● Exercise brief
Only the pictures should be dropped; every line of the data must come back exactly as written.

● Information provided
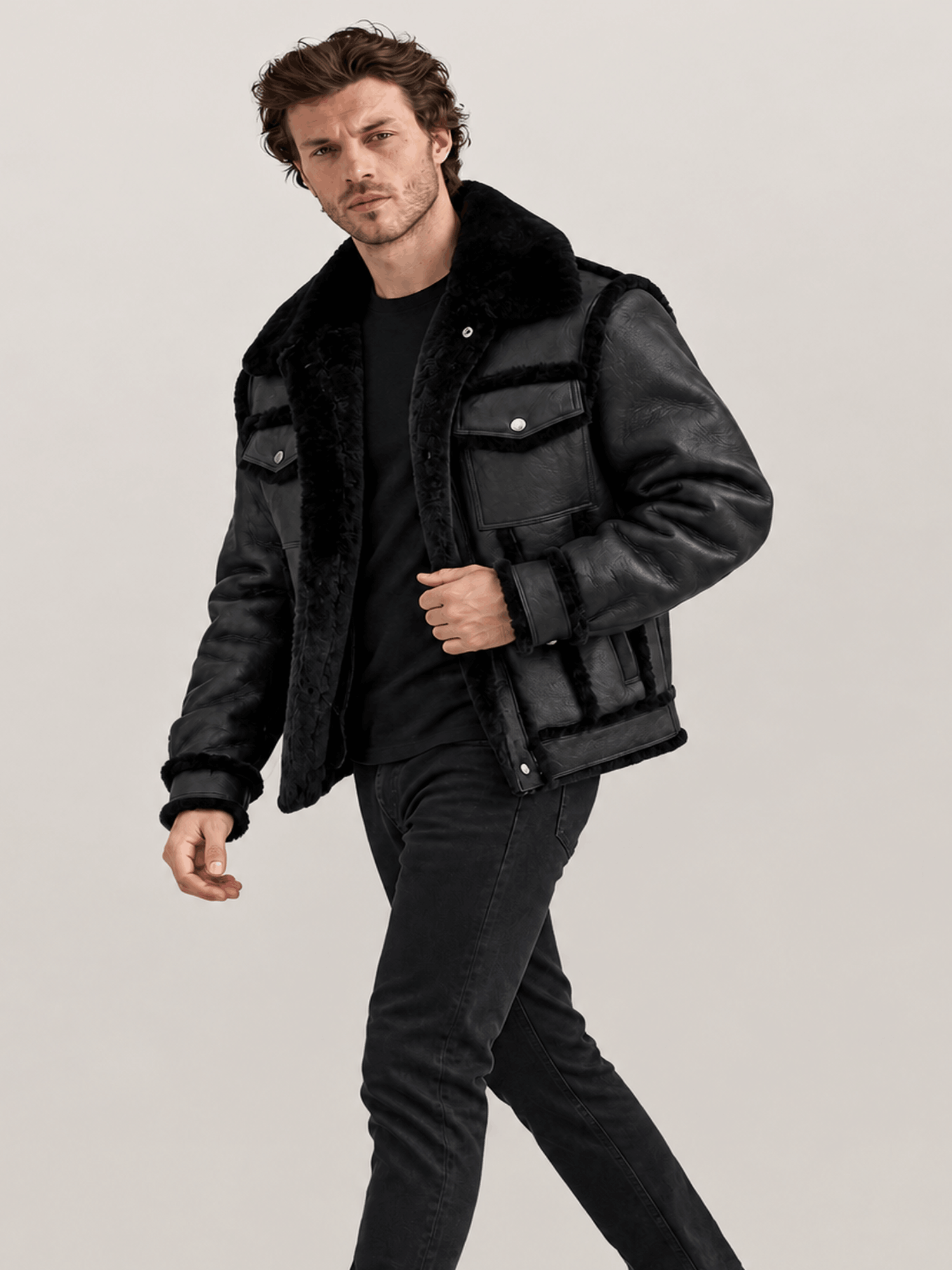 Men's Cowhide Shearling fur Out Leather Jacket in Black - Image 4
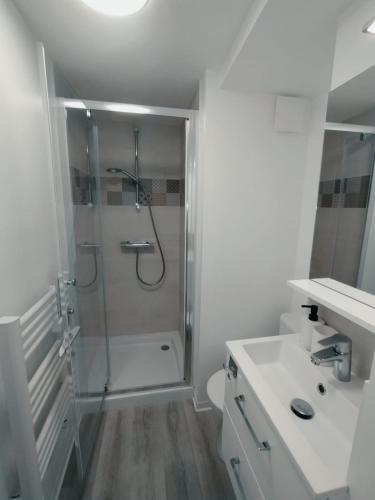 een witte badkamer met een douche en een wastafel bij O'ZEN - studio calme et lumineux avec jardin in Sablé-sur-Sarthe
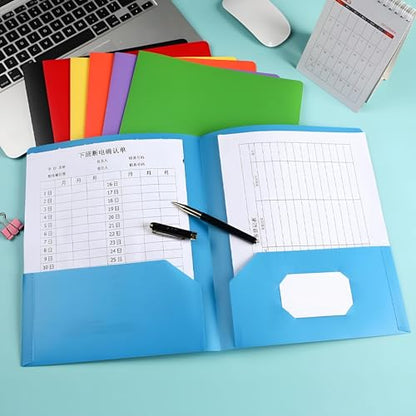 3 Pcs Plastic Folders with Pockets No Prongs, Letter Size Paper Folder Set | Waterproof scratch resistant matrix, Dual interior protective flaps, Easily wiped clean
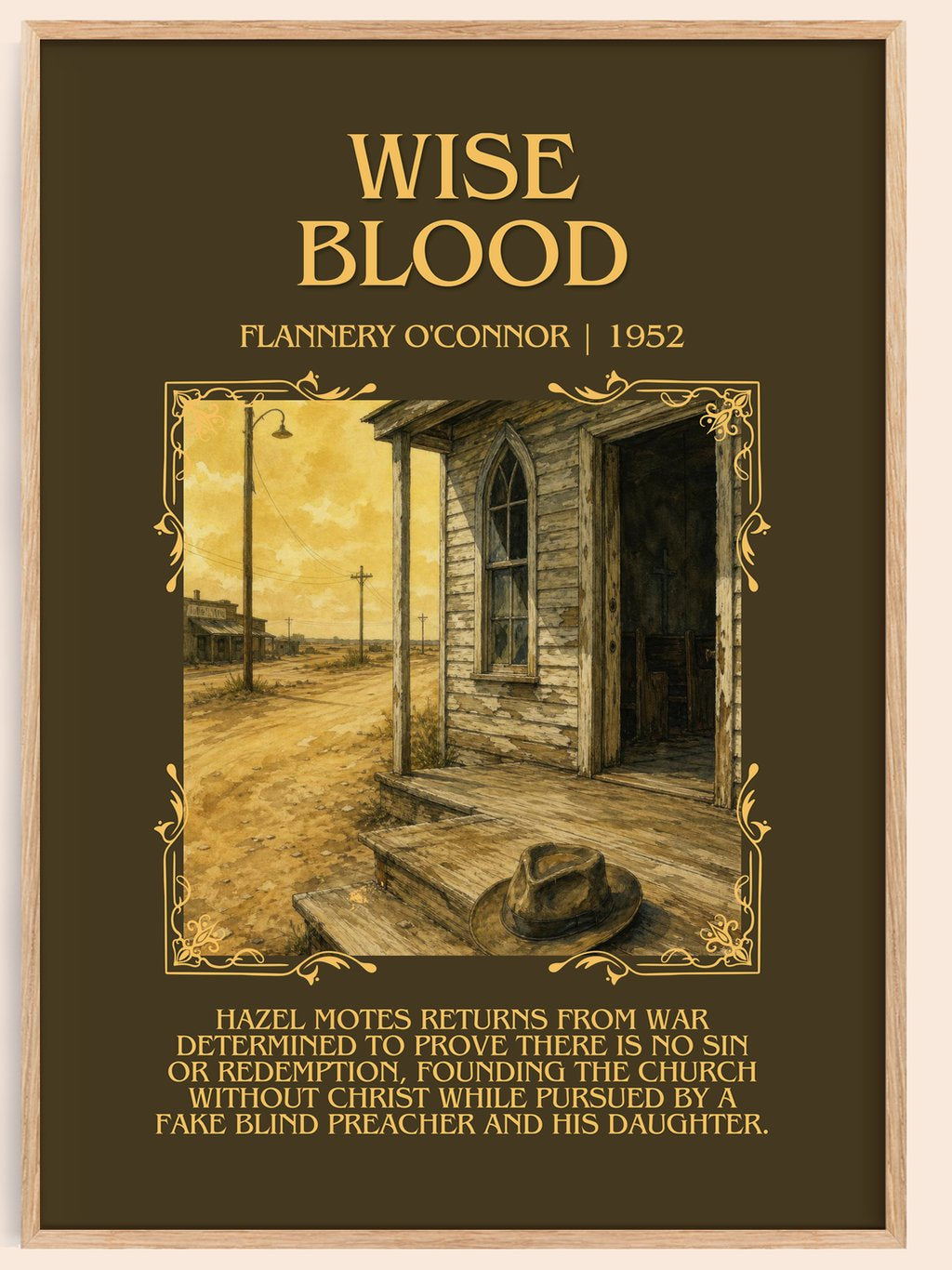 Wise Blood Minimalist Book Poster by Flannery O'Connor – book poster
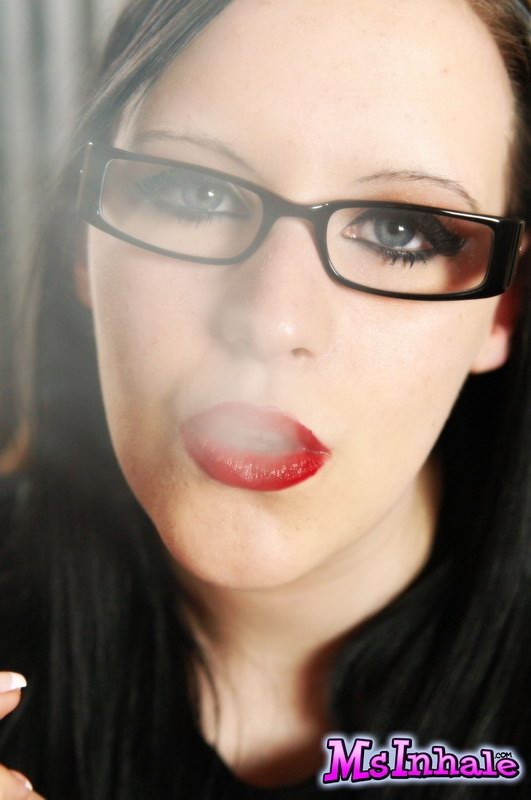 brunette teen with glasses smoking #74982314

● Expected answer
 Men's Cowhide Shearling fur Out Leather Jacket in Black - Image 4
 een witte badkamer met een douche en een wastafel bij O'ZEN - studio calme et lumineux avec jardin in Sablé-sur-Sarthe
 3 Pcs Plastic Folders with Pockets No Prongs, Letter Size Paper Folder Set | Waterproof scratch resistant matrix, Dual interior protective flaps, Easily wiped clean
 Wise Blood Minimalist Book Poster by Flannery O'Connor – book poster
 brunette teen with glasses smoking #74982314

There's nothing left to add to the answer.